• Record set:
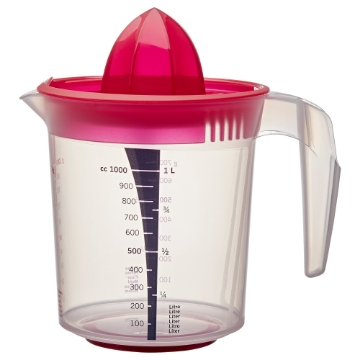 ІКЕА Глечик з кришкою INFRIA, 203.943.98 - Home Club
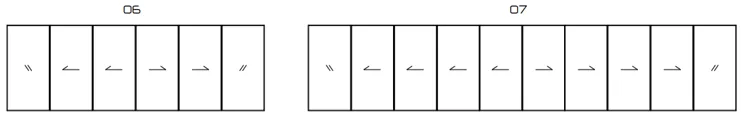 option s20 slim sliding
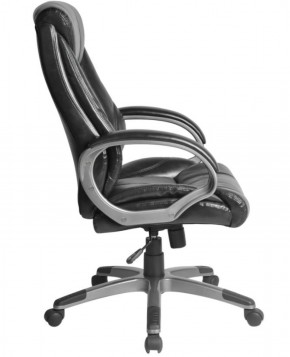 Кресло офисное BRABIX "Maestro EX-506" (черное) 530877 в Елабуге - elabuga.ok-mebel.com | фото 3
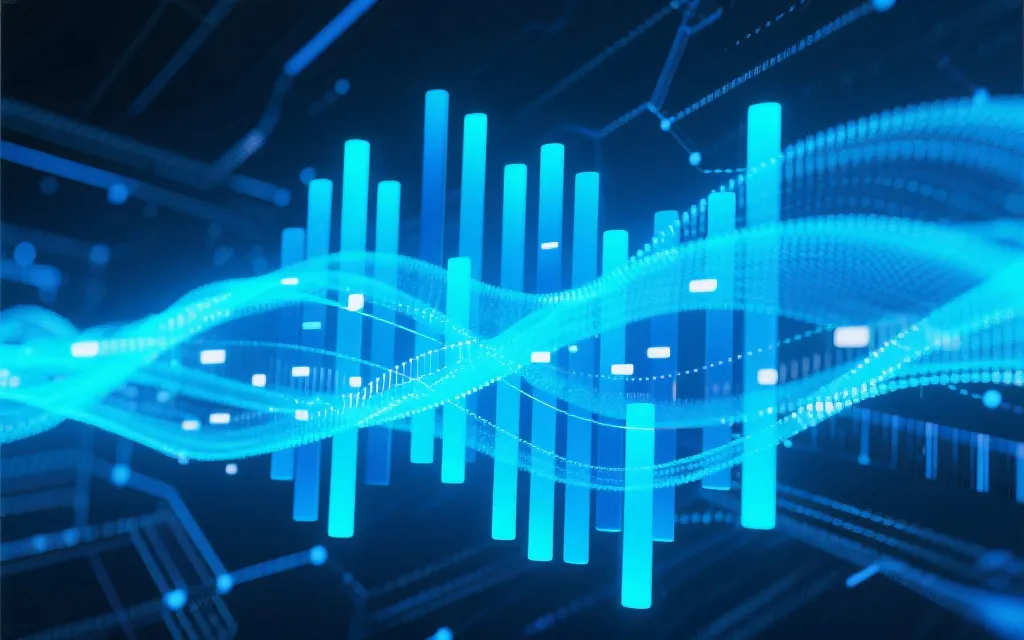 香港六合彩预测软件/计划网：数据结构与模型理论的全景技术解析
--
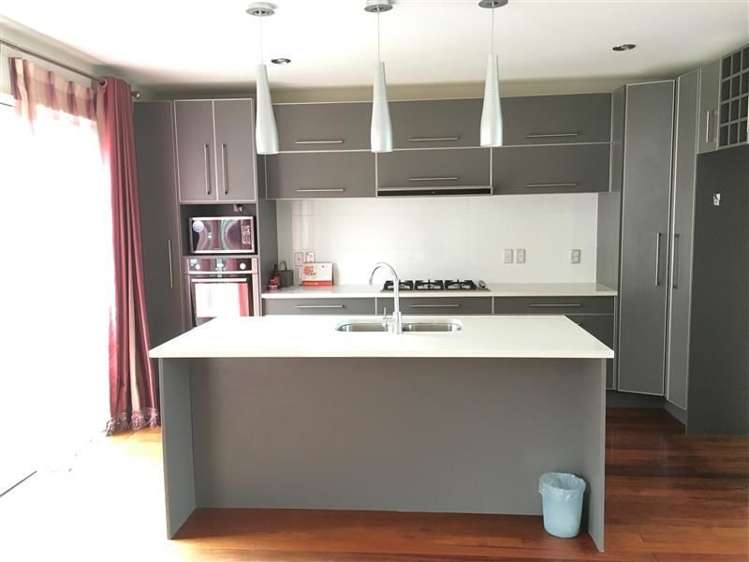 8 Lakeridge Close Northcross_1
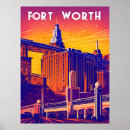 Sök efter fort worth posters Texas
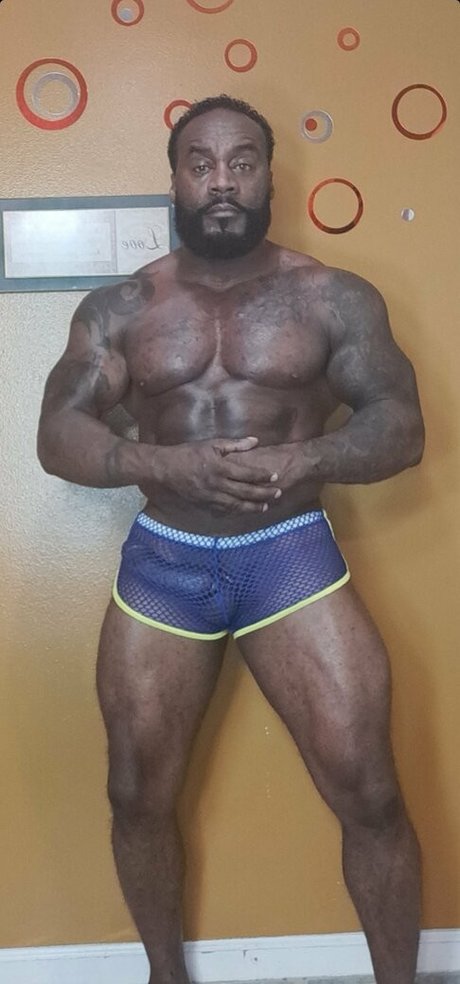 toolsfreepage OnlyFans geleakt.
--
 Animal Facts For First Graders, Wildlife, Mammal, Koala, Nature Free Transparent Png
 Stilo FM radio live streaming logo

• What you will do: From the line containing "option s20 slim sliding" through the line containing "香港六合彩预测软件/计划网：数据结构与模型理论的全景技术解析", copy every line above exactly, without pictures.

• Exercise output:
 option s20 slim sliding
 Кресло офисное BRABIX "Maestro EX-506" (черное) 530877 в Елабуге - elabuga.ok-mebel.com | фото 3
 香港六合彩预测软件/计划网：数据结构与模型理论的全景技术解析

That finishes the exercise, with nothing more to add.